The bevy of Spanish-language movie theaters that started to form in the early 1940s (following the launch of the U.S. Bracero Program and growth in Latin American migrant communities) were beginning to lose their audiences. These cinemas saw the challenges all movie theaters faced in the late half of the century, but they also had to compete with a growing interest in Hollywood films as assimilation took hold and the concept of the blockbuster arrived. But prior to La Bamba, Hollywood had struggled to completely win hispanic audiences over. Spanish dubs weren’t always available or reliable, and when dubs were produced, they would come several weeks after a hit movie had already left the zeitgeist. And regardless of language accessibility, mainstream depiction of latinos still left much to be desired. 

La Bamba had mainstream interest, but Columbia Pictures was determined to make an all-out appeal to hispanic communities, releasing simultaneous versions (English, Spanish, and Spanish-subtitled) in the Spanish-language market. That gamble paid off. La Bamba wasn’t a Mexican picture, but it wasn’t a wholly American picture either. It spoke to the experience in-between, and — importantly — it was a hit. 

American Pachuco: The Legend of Luis Valdez, from director David Alvarado, follows Valdez’s life from the early ‘40s (when both Valdez and Richie Valens were born into farmworker families) through La Bamba — the same era of the rise and fall of Spanish-language cinemas. Those coming into the documentary expecting a boilerplate filmmaker retrospective might feel lost then when so little of the film is actually devoted to the director’s most famous work and no time is dedicated to the decades that would follow; but American Pachuco isn’t about Luis Valdez, filmmaker, but the rapidly changing cultural experience of Mexicans in America and Valdez’s role both as a witness and leader during this particular time. 

Valdez’s life is a mirror of Chicano identity during this era — starting from farmworking in Delano, California, as a child, to getting involved with the United Farm Workers and forming the radical theatre company El Teatro Campesino, to the struggles faced in both having his Chicano play Zoot Suit welcomed by Broadway, only for it to be swiftly rejected and misunderstood. In fact, this reflects the strongest part of Alvardo’s documentary: the inclusion of archival footage from Valdez’s theatrical work, giving the viewer rare access to alternative political theatre seldom, if ever, canonized. 

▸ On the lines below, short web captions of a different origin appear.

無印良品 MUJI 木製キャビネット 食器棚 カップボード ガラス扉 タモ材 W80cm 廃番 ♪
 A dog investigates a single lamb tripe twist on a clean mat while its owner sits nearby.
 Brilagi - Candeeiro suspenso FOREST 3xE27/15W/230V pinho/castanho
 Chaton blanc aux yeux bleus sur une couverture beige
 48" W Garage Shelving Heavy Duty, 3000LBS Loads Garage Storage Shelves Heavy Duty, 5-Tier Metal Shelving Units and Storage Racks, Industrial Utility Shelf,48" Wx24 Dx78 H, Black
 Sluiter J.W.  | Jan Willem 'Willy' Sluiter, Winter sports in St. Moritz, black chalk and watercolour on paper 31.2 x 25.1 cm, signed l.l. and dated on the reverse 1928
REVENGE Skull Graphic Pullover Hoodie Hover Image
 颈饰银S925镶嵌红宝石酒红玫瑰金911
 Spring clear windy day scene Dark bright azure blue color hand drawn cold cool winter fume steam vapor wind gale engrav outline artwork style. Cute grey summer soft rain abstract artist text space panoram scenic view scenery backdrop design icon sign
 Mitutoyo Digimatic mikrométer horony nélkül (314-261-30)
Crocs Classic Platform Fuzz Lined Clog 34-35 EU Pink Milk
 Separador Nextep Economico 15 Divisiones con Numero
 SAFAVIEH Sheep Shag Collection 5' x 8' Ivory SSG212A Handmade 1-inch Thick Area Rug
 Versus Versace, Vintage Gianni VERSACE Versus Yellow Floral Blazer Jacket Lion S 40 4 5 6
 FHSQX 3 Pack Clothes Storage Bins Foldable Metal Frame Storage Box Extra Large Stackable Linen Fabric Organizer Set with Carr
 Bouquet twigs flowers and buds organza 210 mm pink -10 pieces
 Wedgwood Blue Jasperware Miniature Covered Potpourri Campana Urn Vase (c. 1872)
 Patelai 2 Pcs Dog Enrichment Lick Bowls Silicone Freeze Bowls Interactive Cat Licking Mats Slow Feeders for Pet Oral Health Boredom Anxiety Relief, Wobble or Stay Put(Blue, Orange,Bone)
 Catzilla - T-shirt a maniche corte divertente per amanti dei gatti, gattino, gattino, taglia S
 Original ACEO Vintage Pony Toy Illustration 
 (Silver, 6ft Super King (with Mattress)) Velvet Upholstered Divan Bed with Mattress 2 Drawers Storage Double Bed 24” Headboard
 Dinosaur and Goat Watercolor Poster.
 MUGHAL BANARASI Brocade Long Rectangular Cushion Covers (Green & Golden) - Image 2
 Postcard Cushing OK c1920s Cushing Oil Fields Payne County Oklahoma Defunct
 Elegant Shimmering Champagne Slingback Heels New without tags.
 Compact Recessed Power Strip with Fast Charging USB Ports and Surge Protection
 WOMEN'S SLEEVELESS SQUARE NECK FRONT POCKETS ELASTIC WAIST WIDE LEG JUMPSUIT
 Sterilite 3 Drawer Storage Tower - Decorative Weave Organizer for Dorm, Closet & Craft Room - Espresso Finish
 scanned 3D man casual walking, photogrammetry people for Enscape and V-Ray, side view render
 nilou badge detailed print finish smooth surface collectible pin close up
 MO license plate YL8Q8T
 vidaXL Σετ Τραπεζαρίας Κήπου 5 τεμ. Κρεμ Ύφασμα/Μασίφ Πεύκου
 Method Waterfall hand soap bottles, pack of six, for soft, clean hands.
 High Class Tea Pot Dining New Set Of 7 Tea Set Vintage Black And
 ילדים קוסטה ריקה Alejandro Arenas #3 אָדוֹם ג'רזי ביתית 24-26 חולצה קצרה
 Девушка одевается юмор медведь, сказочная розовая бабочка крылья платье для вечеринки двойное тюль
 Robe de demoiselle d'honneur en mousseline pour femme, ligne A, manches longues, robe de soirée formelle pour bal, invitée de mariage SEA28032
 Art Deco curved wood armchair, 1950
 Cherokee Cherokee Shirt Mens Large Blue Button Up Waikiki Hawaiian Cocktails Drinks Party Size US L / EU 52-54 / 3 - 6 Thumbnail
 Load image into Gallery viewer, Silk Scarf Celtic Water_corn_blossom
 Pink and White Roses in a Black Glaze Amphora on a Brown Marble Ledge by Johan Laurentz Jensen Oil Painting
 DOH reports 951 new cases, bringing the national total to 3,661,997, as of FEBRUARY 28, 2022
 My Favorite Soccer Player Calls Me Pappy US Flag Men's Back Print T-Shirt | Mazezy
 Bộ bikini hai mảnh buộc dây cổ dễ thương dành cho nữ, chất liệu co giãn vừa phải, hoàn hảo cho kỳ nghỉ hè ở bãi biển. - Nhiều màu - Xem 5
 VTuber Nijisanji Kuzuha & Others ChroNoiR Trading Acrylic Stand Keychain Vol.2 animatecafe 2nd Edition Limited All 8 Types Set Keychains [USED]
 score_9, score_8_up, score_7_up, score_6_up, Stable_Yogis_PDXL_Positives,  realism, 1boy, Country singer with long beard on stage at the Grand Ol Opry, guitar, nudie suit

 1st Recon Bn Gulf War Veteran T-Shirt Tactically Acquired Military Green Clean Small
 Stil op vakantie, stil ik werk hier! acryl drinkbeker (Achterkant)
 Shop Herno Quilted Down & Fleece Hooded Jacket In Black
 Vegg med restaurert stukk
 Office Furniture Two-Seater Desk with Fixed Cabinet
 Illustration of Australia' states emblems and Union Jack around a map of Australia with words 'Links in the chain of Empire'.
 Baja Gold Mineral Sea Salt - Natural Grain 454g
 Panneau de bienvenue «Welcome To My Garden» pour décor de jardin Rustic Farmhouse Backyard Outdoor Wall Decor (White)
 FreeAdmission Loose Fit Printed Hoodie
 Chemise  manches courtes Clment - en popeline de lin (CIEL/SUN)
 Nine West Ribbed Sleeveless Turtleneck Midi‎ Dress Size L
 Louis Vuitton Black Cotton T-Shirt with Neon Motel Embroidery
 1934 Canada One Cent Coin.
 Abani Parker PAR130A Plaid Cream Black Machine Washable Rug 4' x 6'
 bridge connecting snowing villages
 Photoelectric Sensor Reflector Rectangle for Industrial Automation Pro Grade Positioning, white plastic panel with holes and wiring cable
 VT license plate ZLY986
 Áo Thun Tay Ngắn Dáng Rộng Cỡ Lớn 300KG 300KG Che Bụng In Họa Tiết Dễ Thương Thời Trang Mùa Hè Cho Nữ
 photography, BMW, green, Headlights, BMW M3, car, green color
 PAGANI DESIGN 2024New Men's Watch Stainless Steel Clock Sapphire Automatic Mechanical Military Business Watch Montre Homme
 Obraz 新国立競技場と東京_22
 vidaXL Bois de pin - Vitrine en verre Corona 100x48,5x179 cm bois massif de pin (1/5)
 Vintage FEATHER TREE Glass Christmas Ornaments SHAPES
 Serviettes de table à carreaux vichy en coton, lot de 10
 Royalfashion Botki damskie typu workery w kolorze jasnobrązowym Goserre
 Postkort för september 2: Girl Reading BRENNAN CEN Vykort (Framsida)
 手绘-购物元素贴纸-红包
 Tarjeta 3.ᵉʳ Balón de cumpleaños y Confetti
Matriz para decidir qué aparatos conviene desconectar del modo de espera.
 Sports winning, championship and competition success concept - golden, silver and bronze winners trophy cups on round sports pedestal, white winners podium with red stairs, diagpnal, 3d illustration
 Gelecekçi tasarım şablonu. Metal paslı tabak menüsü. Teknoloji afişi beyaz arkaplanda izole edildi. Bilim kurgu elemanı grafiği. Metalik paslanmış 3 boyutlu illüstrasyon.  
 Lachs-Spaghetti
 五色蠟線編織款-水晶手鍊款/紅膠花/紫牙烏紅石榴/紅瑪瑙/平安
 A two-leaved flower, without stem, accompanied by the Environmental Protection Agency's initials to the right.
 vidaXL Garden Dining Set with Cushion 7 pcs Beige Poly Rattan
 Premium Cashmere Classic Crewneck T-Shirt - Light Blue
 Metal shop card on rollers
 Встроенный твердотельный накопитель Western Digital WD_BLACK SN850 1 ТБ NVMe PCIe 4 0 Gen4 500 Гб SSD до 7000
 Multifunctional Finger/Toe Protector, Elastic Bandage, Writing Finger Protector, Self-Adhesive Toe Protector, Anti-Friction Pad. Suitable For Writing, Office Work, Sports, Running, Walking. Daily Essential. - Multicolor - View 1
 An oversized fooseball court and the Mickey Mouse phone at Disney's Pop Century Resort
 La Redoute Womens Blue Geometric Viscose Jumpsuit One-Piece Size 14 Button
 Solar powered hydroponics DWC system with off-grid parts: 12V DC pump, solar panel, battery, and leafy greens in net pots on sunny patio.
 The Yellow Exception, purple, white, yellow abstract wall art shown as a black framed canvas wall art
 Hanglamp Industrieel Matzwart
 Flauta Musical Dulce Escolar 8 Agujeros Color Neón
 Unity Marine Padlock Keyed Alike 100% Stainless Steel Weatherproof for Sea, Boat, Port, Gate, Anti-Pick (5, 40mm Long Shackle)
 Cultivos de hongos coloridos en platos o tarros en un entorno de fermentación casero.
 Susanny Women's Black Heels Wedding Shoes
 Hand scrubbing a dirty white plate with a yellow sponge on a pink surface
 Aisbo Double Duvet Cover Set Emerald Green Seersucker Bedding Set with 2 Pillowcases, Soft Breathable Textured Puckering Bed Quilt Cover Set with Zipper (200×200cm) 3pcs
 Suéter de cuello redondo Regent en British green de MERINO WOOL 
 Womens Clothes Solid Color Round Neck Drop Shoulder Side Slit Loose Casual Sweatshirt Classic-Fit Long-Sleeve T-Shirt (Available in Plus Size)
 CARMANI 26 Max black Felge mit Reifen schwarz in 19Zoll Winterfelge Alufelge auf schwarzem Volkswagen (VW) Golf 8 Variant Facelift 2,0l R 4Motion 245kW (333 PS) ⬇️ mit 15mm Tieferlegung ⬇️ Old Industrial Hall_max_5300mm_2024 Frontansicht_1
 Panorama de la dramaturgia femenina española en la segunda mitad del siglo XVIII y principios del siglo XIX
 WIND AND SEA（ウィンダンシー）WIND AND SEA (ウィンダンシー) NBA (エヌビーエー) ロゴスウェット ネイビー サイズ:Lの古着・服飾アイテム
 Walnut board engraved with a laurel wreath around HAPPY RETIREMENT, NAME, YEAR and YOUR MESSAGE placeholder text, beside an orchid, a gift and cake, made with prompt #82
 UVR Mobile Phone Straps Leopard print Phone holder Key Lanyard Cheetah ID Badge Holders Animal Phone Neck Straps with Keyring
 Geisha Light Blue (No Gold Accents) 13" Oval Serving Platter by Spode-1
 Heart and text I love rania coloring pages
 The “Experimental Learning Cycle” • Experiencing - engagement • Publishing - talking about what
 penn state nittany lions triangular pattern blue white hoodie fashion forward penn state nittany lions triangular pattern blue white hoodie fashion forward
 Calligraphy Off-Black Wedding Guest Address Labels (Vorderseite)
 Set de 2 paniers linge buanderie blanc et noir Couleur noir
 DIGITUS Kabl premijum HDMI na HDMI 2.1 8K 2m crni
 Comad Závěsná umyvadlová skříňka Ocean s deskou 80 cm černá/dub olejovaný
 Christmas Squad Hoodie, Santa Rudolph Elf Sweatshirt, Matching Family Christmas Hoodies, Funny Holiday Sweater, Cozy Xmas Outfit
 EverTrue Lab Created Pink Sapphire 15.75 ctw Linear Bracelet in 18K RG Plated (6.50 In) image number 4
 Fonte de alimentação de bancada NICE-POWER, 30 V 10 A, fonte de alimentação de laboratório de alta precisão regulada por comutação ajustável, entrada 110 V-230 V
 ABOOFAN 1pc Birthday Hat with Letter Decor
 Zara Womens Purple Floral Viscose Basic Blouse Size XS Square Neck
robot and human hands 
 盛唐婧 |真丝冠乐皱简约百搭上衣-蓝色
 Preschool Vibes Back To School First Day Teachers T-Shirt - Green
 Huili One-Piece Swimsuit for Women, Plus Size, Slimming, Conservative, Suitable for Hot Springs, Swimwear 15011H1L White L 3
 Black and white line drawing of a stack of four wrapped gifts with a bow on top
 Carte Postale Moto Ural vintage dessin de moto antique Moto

Throughout Alvarado is thorough in connecting Valdez’s work to concurrent Chicano history, benefitted by Valdez’s own astute observations about the personal intermingling with the political. But American Pachuco can’t escape the conventions of a pro forma biographical documentary. La Bamba is Valdez’s least politically interesting work, but is inevitably what the film is building toward. The result is a conclusion that mostly functions as a retelling of events, at the expense of the much more interesting thematic exploration of Valdez’s earlier work. The diminished returns are apt, though. If American Pachuco is an interrogation of Mexican-American identity and the ever-present issue of assimilation, the documentary’s gradual shift from the collective to the individual, from agitating the status quo to achieving mainstream acceptance, is an accurate if somewhat cynical retelling of the cultural shifts from the 1940s through the 1980s. Even a pointed — albeit brief — acknowledgement of César Chávez’s tarnished legacy throws into question whether front-facing representation is really all that much of a win. 

DIRECTOR: David Alvardo;  DISTRIBUTOR: PBS;  IN THEATERS: July 15;  RUNTIME: 1 hr. 32 min.